# ACTION ITEM:
Retype only what runs from the line with "Dalloul Nottingham Outdoor Sofa Set" through the end of the entries, exactly and in full, but omit any picture you find.

Collected data:
#####

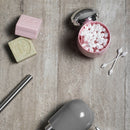 Porta Algodão e Cotonete New Cromo Ou Linha Belly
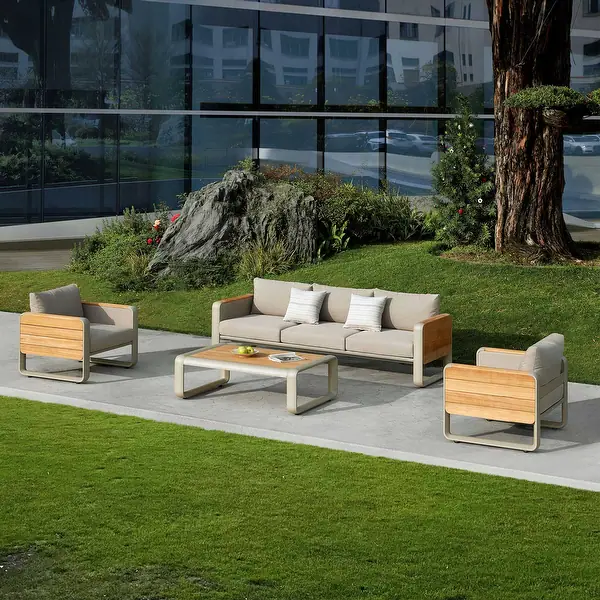 Dalloul Nottingham Outdoor Sofa Set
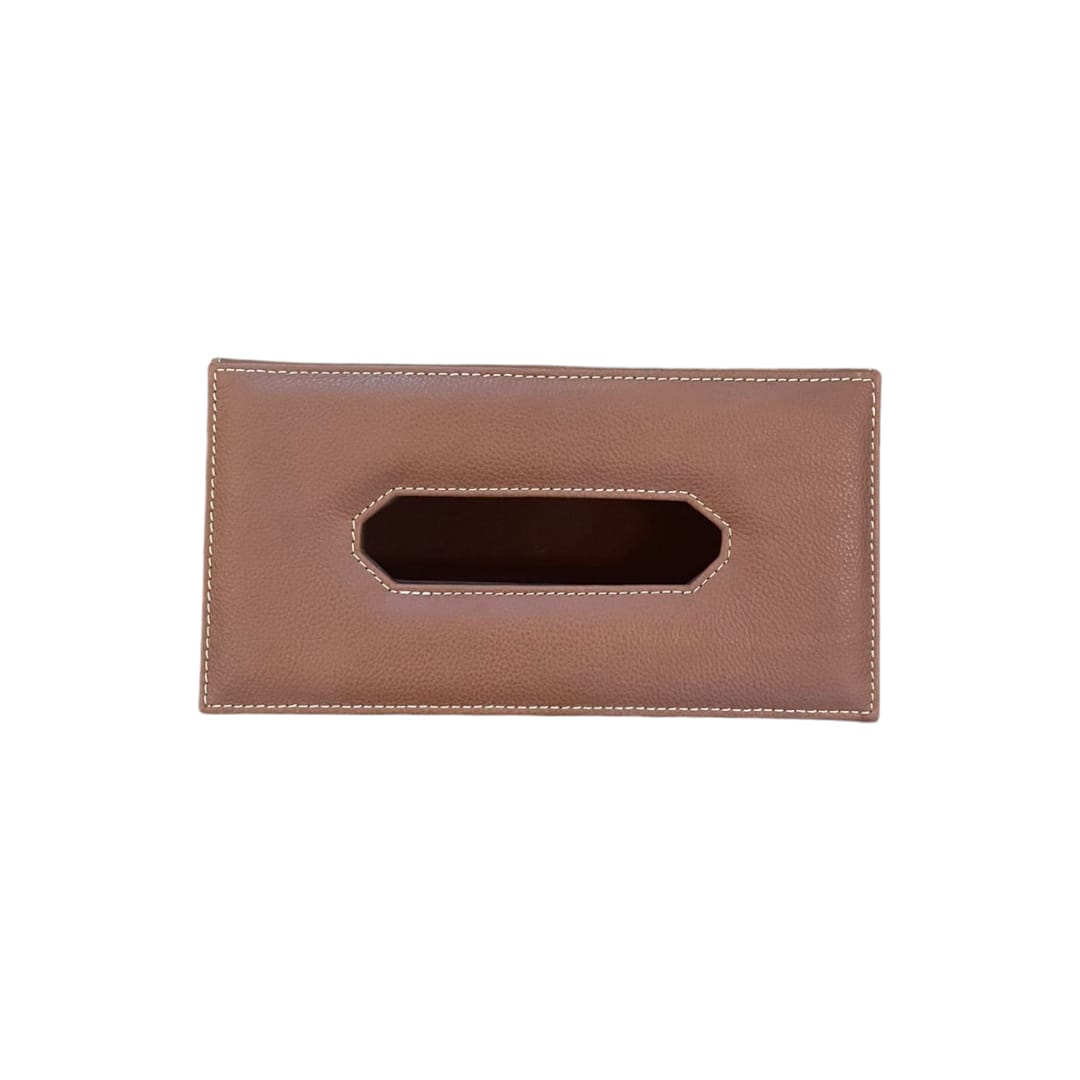 Leather Tissue Box - Image 2
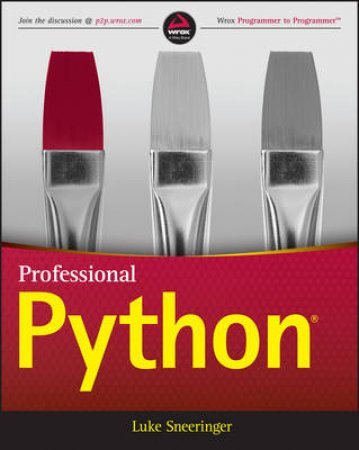 Professional Python by Luke Sneeringer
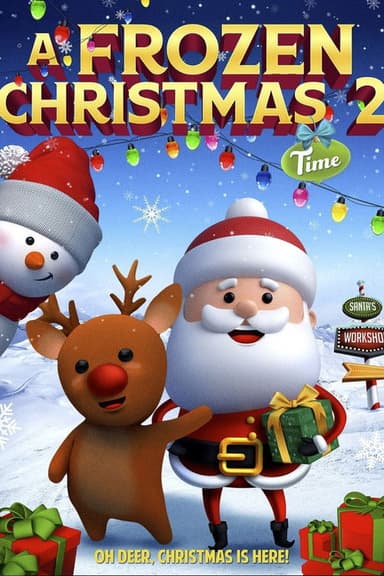 A Frozen Christmas Time 2 poster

#####

# RESULT OF THE EXERCISE:
 Dalloul Nottingham Outdoor Sofa Set
 Leather Tissue Box - Image 2
 Professional Python by Luke Sneeringer
 A Frozen Christmas Time 2 poster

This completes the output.